Web page caption snippets
----
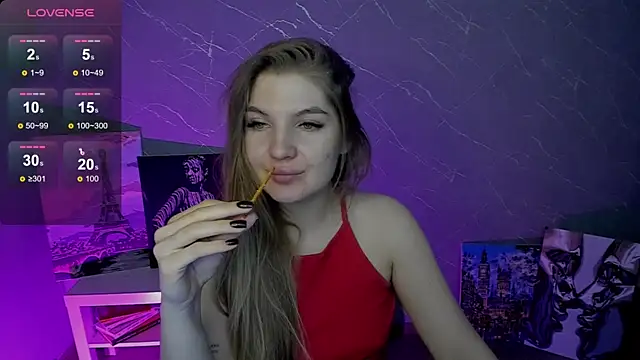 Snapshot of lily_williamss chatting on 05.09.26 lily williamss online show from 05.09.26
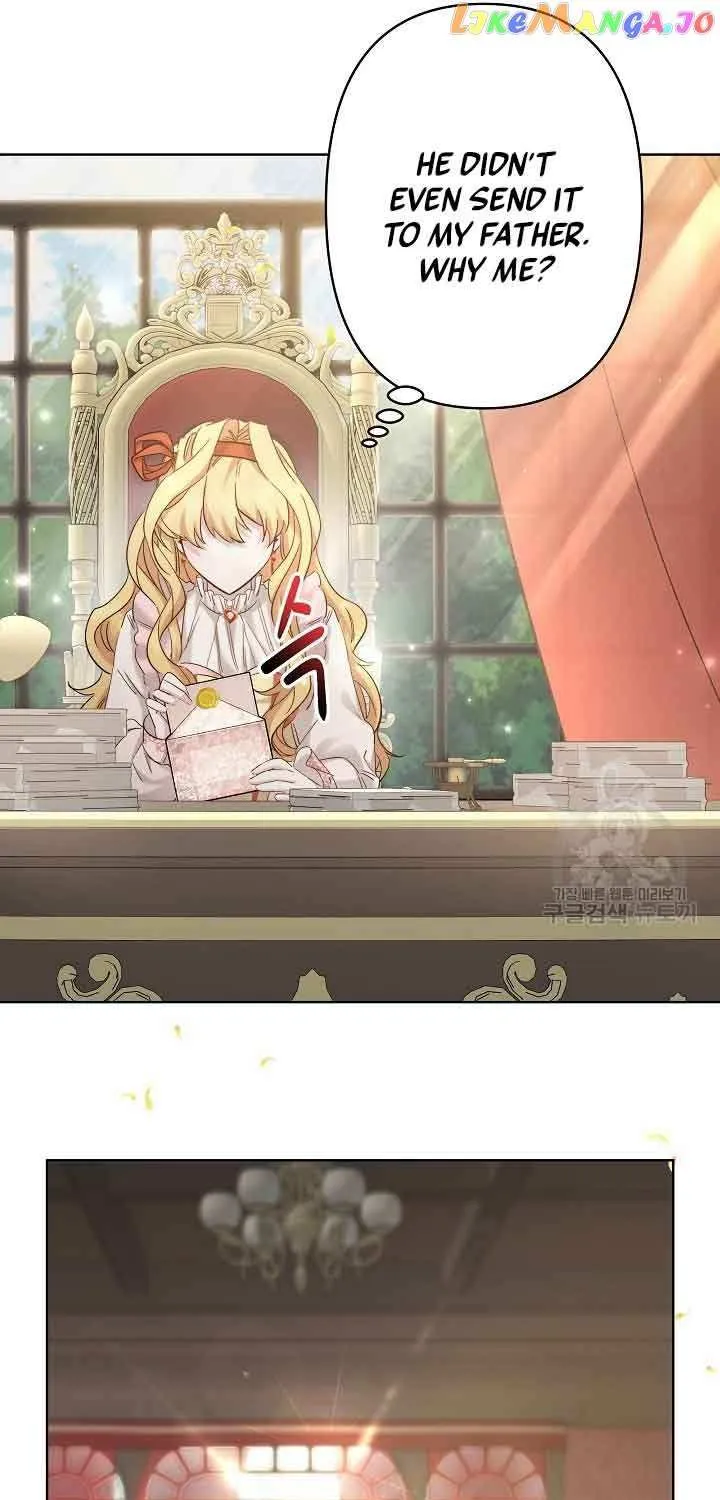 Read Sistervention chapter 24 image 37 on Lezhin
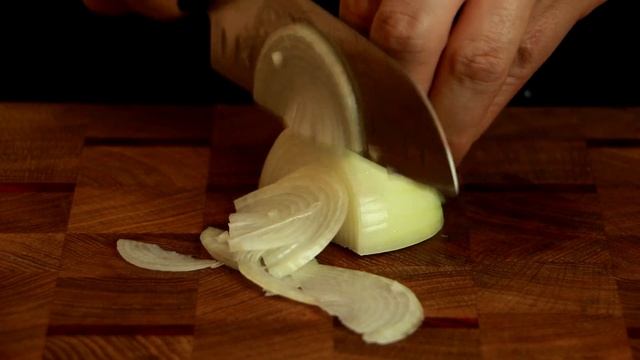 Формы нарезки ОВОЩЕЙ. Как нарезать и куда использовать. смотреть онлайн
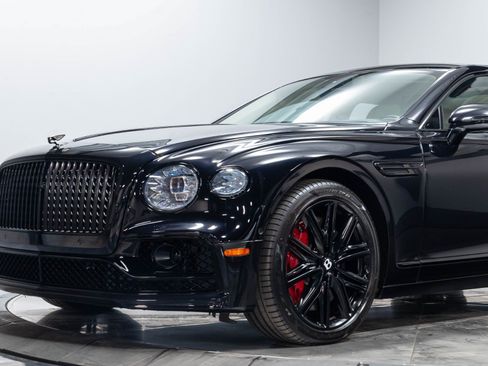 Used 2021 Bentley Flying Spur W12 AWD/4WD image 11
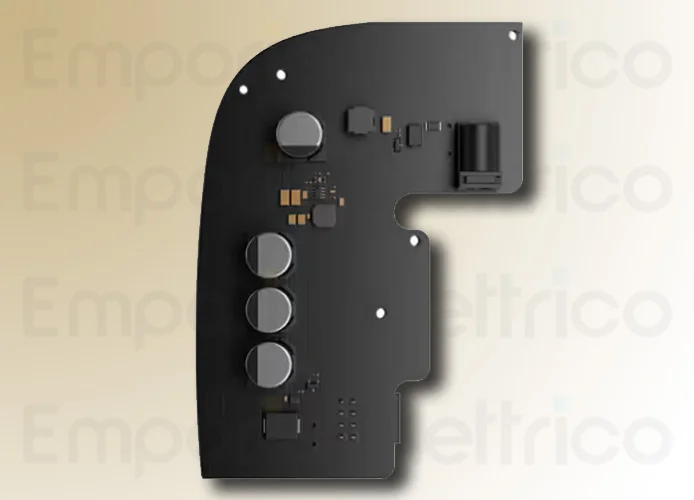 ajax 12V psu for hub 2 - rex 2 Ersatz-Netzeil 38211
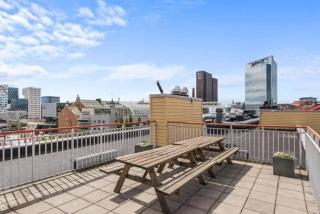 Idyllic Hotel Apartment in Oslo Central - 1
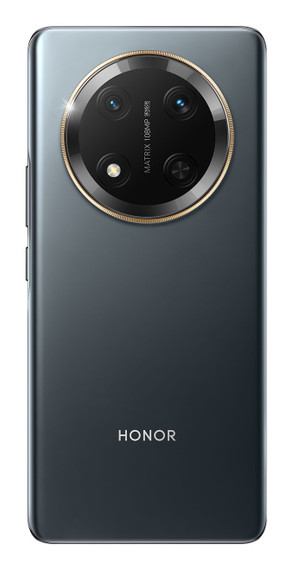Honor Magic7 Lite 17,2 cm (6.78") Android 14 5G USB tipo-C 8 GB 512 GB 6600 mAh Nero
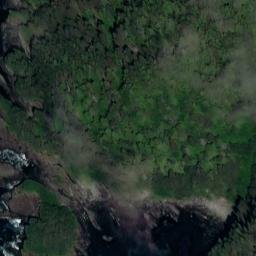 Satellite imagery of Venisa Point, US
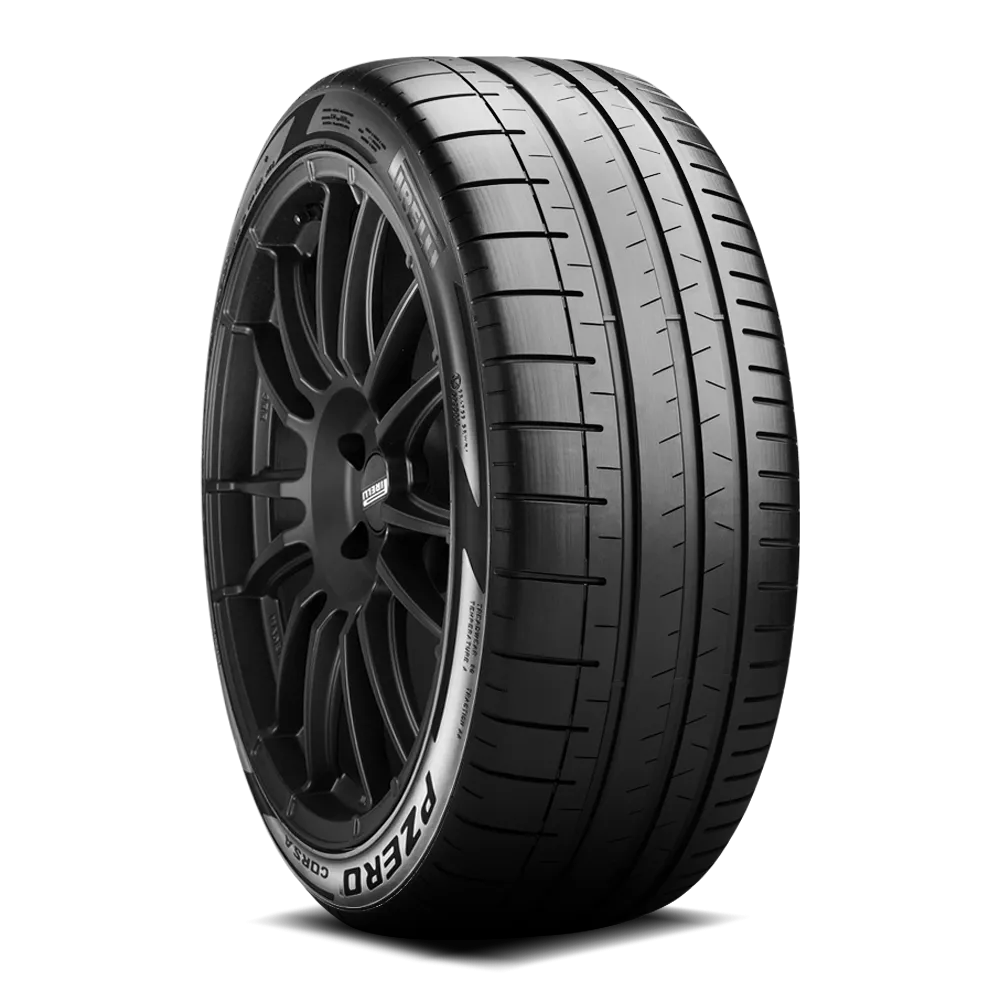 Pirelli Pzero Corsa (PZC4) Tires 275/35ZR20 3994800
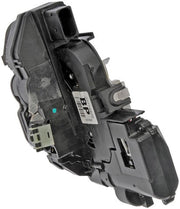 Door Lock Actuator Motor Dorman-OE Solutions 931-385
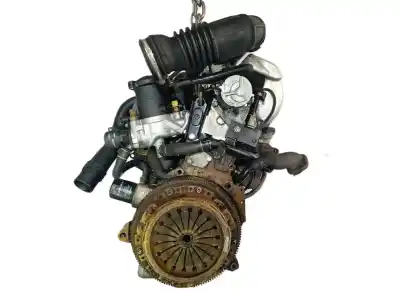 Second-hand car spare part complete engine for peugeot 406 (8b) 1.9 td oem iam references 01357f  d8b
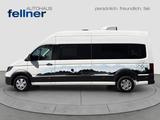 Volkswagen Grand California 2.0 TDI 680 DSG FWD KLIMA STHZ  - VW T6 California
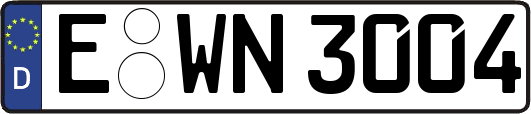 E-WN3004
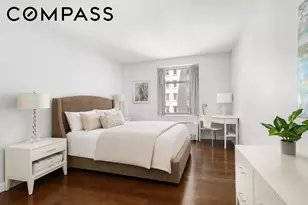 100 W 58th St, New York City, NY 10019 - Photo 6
----
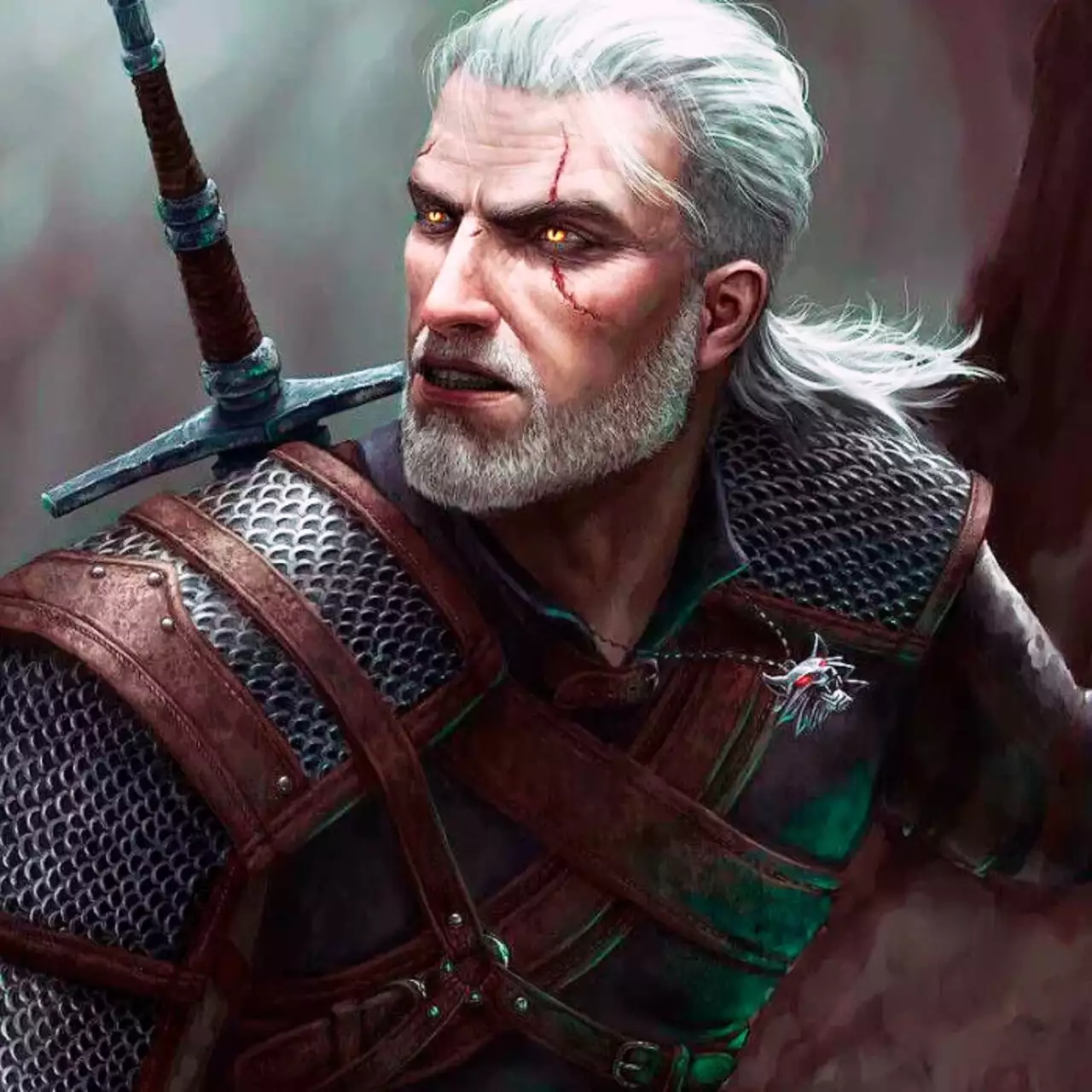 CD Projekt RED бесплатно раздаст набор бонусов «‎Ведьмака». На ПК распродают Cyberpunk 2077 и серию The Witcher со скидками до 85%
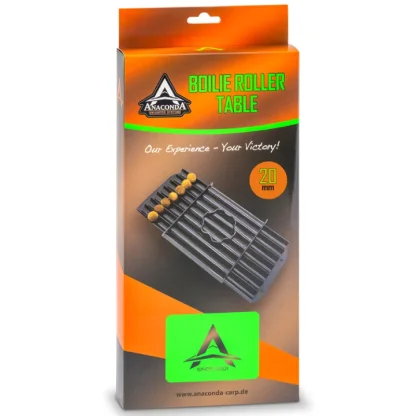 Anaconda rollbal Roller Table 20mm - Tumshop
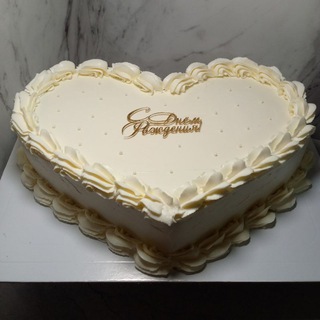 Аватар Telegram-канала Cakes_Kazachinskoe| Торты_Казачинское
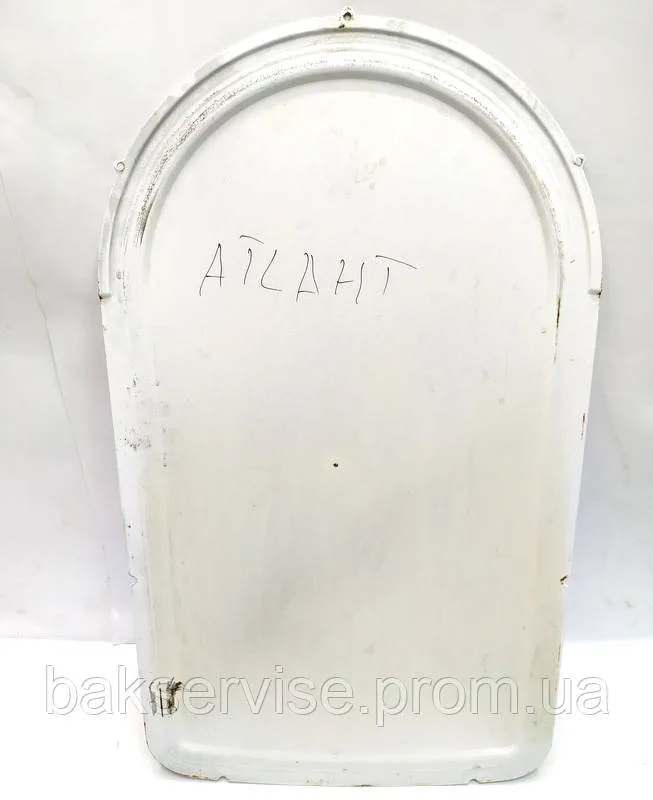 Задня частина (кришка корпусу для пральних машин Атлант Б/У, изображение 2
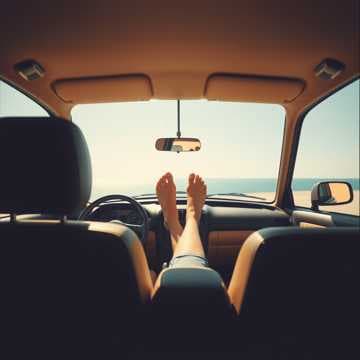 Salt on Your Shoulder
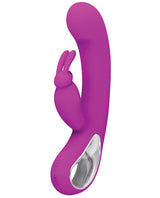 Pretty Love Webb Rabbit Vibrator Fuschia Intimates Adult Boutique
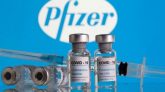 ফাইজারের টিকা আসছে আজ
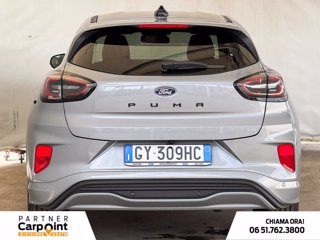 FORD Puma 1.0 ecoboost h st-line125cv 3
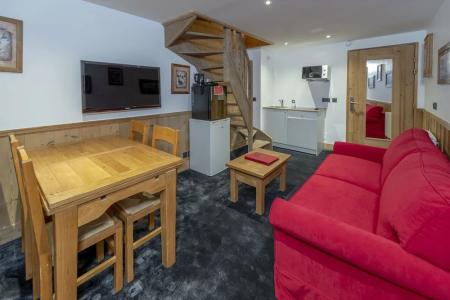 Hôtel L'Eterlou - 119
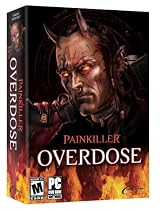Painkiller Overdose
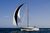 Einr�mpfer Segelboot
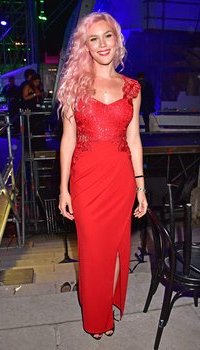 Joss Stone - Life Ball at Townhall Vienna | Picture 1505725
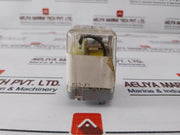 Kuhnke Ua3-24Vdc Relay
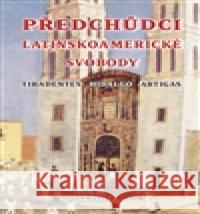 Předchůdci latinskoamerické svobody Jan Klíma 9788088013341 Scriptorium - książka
----
For the entries above, print exactly the lines between the one with "ফাইজারের টিকা আসছে আজ" and the one with "Předchůdci latinskoamerické svobody", inclusive, with no pictures.

 ফাইজারের টিকা আসছে আজ
 FORD Puma 1.0 ecoboost h st-line125cv 3
 Hôtel L'Eterlou - 119
Painkiller Overdose
 Einr�mpfer Segelboot
 Joss Stone - Life Ball at Townhall Vienna | Picture 1505725
 Kuhnke Ua3-24Vdc Relay
 Předchůdci latinskoamerické svobody Jan Klíma 9788088013341 Scriptorium - książka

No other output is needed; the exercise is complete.